[Raw data]
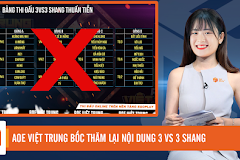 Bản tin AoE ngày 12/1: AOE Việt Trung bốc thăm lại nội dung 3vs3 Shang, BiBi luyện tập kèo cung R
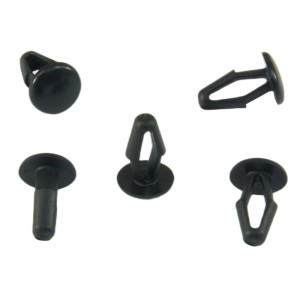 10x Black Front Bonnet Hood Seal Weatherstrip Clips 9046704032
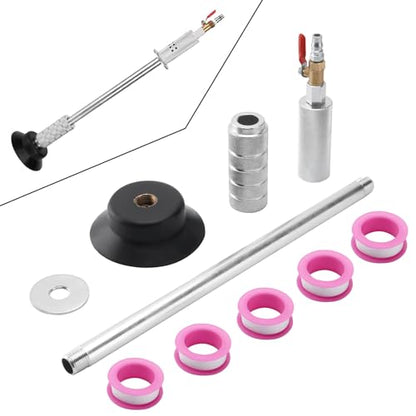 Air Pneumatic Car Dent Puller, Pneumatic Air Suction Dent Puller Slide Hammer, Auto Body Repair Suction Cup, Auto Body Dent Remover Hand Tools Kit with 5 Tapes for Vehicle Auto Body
[/Raw data]
[Raw data]
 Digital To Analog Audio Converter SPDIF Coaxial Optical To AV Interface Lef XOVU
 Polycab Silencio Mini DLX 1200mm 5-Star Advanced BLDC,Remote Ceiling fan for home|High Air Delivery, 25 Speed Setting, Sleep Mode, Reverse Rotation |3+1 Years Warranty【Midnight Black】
[/Raw data]
[Raw data]
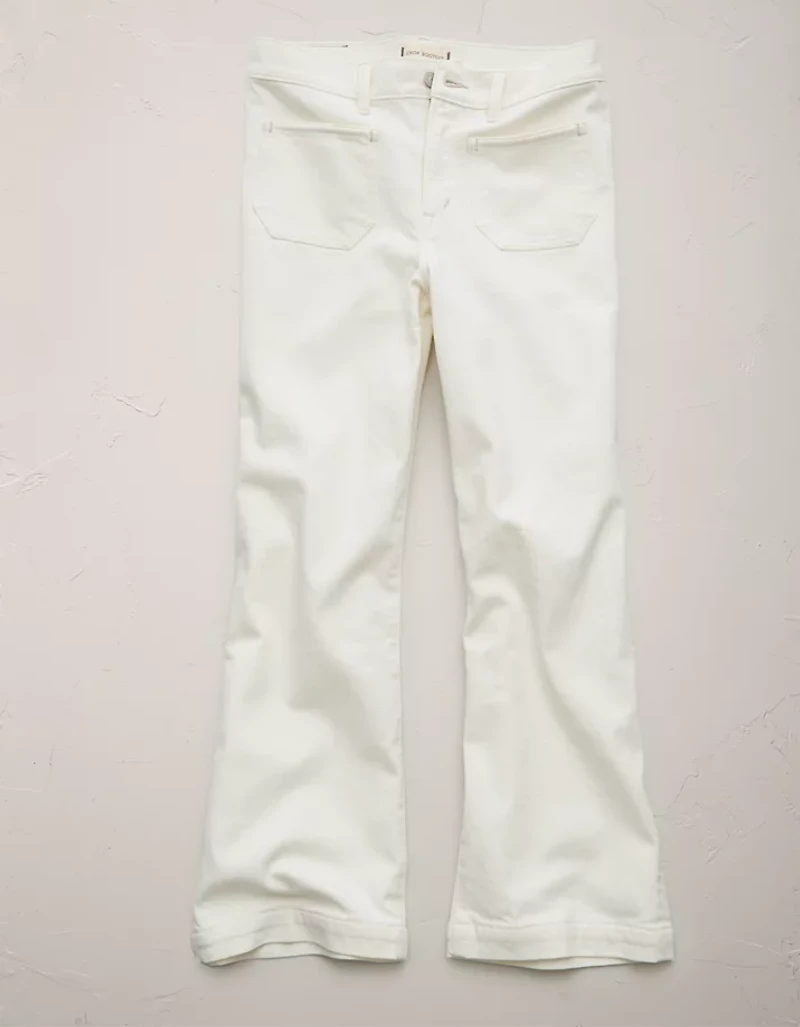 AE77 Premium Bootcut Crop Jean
[/Raw data]
Action item:
Write out, word for word, the stretch of entries that begins at the line with "Bản tin AoE" and ends at the line with "Air Pneumatic Car". Pictures do not belong in it.

Answer space:
 Bản tin AoE ngày 12/1: AOE Việt Trung bốc thăm lại nội dung 3vs3 Shang, BiBi luyện tập kèo cung R
 10x Black Front Bonnet Hood Seal Weatherstrip Clips 9046704032
 Air Pneumatic Car Dent Puller, Pneumatic Air Suction Dent Puller Slide Hammer, Auto Body Repair Suction Cup, Auto Body Dent Remover Hand Tools Kit with 5 Tapes for Vehicle Auto Body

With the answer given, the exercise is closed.